Facebook Facebook logo Sign up for Facebook to connect with Olivier Rossi Bato | Getty Images
When it comes to money, couples are faced with a big question: combine finances, separate them, or do a combination of the two?
Now, research has found that those who put their money together are more likely to stick together.
The study, titled “Pooling Finances and Relationship Satisfaction,” found that if couples pooled their money it could make or break a relationship. Research focuses on bank accounts and liquid wealth.
“We found that couples who pooled their finances were more likely to separate than couples who kept their finances separate,” said Emily Garbinsky, associate professor of marketing and management communications at Cornell University, Co. -author of the study.
Learn more about personal finance:
2022 will be a banner year for weddings. How to save if you get married
How Merged or Separate Accounts Affect a Couple’s Financial Success
The discussion of how much money the couple should have before marriage
In support of this idea, a CreditCards.com survey found that approximately 43% of married couples, in a civil partnership or living together have joint assets.
Baby boomers are the most likely to have only joint accounts, at 49%, followed by Gen Xers, at 48%, compared to just 31%of Millennials, according to the CreditCards.com survey.
Having joint accounts has benefited all couples, although the effect is stronger in some couples than in others, according to Garbinsky.
Low-income couples, for example, tend to see greater benefits from pooling their money.
This is also true for couples belonging to cultures that are more collectivist than individualistic, based on the differences observed by researchers between Japan and the United States.
The researchers also looked at online discussions about how couples manage money on forums like Quora and Reddit. Those who combine their finances are more likely to say “our money” than those who separate and are more likely to say “my money.”
“These simple pronouns over time reinforce perspectives that are part of a team rather than not part of a team,” Garbinsky said.
The findings coincide with Garbinsky’s other research that finds many couples tend to avoid discussing money, he said.
“Couples admit that they don’t like talking about finances with their partner,” Garbinsky said. “They anticipate conflicts.
“They think that if they talk about their finances, they will quarrel about it.»
However, research shows that communication is a good thing.
Couples who openly talk about money are more likely to be on the same page and better achieve their financial goals, he said.
Those who openly respond to money issues typically manage their debts rather than those who separate them.
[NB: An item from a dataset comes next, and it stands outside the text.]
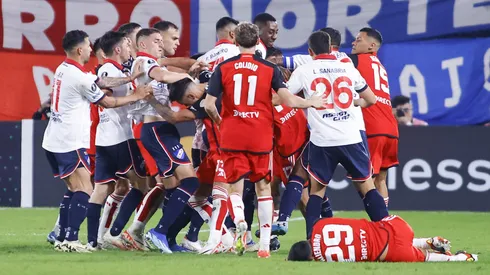 En medio de ese zafarrancho le llegó un combo a Paulo Díaz.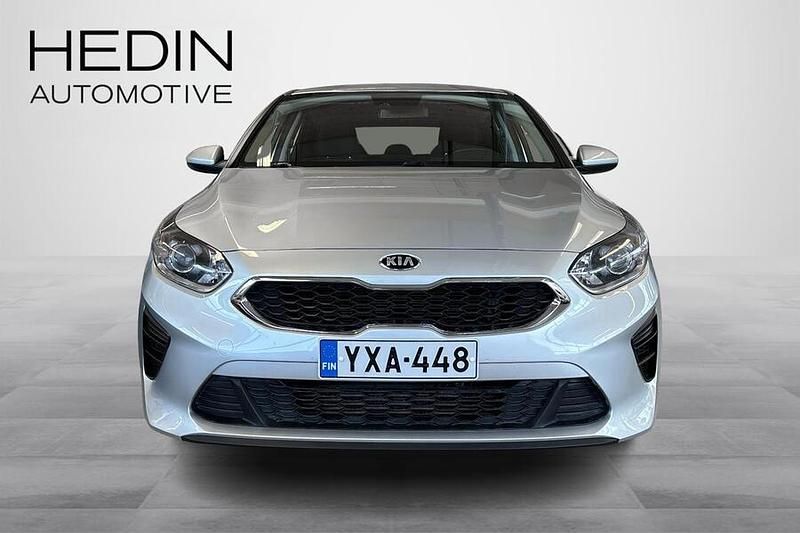 Käytetty Kia Ceed Active 140 HP (102 kW) 2019 Hopea Viistoperä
“On average, what we see is couples who end up talking about their finances come to some kind of consensus, and then they feel like they’re on the same team,” Garbinsky said.
“The feeling of being part of a team with your partner promotes relationship satisfaction,” she says.
Couples who talk about money are more likely to avoid so-called financial infidelity or withholding information or transactions from their partners. A survey by the National Endowment for Financial Education found that 43% of adults admit to committing some form of financial fraud. Men are more likely than women to admit that they are guilty of such actions.
Financial advisers say that while the way couples handle money tends to vary, communication should always be a priority. Ideally, a formal conversation about money should take place at least once a year, according to Jesse Sell, certified financial planner and managing director at Prevail Financial Planners in Stillwater, Minnesota.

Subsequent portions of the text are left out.